I ate lunch with a professor today. We did not talk economics. We talked football.

He commented that big time football universities do not have great academics. We spent the next ten minutes trying to find counter-examples. This was a positive exercise. We never discussed why football programs and academics are mutually exclusive. We never discussed how football programs should fit into the university setting. Those questions do not matter to positivists. (I am surprised one of us didn't blurt "there might be a paper in this.")

John Maynard Keynes said "in the-long run, we are all dead." Keynes convinced the Western world that the economy could be controlled by positive philosophers.
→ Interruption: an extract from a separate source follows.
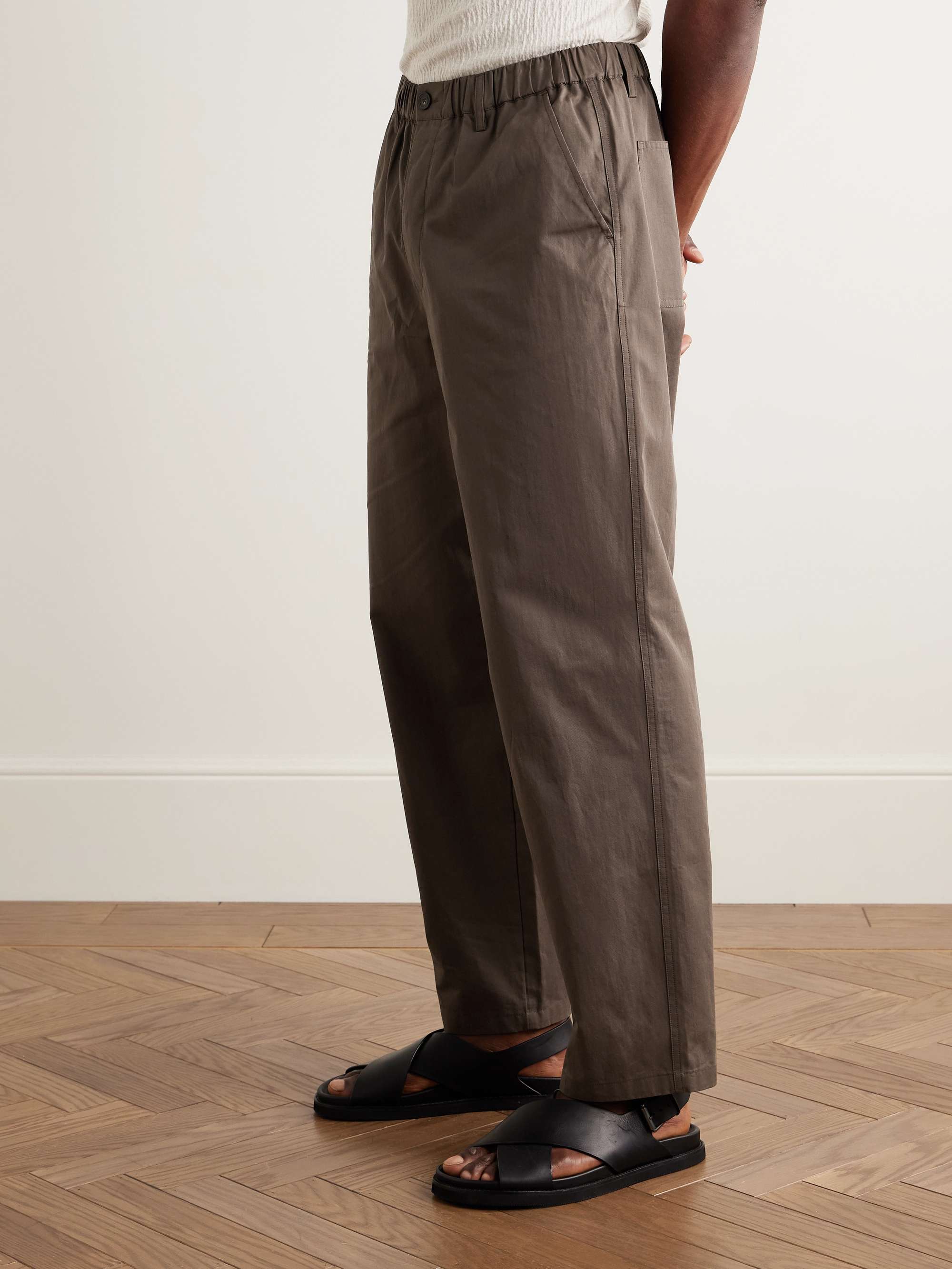 Easy Straight-Leg Cotton-Twill Trousers view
Recessions require government spending. We are all dead, therefore, live today and worry about the future when it gets here.
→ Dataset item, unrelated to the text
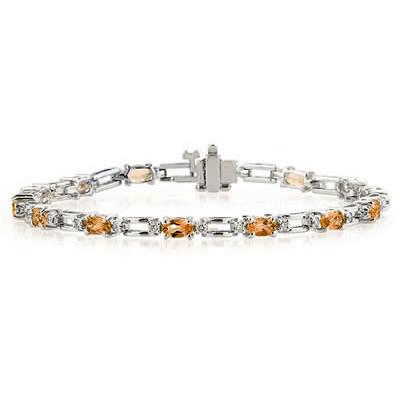 14k White Gold Diamond and  Citrine    Bracelet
His statement is true, eventually, we are all dead. His logic satisfies the positivists.

But, our progeny will not be dead in the long-run. How long is the long-run? Are we really dead? The normativist asks what should we do? Should today be more important than tomorrow? Keynes' positive statement is not enough for his conclusion. The question becomes should we live today and worry about the future when it gets here?

Economists (and academics in general) give up when they cannot refute a positive statement. You cannot refute Keynes with positive logic. "In the long-run, we are all dead." The only way to argue against him is to use normative logic. We should care about our children. We should let individuals make their own decisions.
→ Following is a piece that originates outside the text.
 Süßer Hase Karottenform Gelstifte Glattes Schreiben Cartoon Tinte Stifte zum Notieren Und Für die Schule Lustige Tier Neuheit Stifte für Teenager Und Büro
Billy Joel's "Only the Good Die Young" is another example of positive logic. He courts a Catholic girl, saying its only a matter of time before she gives it up to someone, therefore, it just as well be him. Only the good die young, therefore, be bad. I wonder how many times this logic has been used.

It does not matter to Joel 'what should be.' How can the girl reply? Sex should be sacred. Joel replies but it is not sacred. We should be good. Joel replies everyone is not good. It can go on forever.

They are speaking in two different languages.

This is where our society is at right now.

Religion is normative. It is based on books that say what should be. Science is positive. It is based on books that say what is.

To succeed in school one must be positive. Teachers do not like answers that say two plus two should be eight. Good students like evidence about what they are learning. Of course, there are classes where shoulds become part of the class, but these shoulds need to be proven by positive statements.

The problem is many shoulds cannot be proven by positive statements. Sex should be sacred cannot be proven through positive logic. Religion fails here. It turns its normative doctrines into positive ones. The church says sex is sacred. It forgets the shoulds. Religion does not have the courage to preach that sex should be sacred. It takes much more thought and convincing to say 'should be.'

Thought that positivists do not appreciate.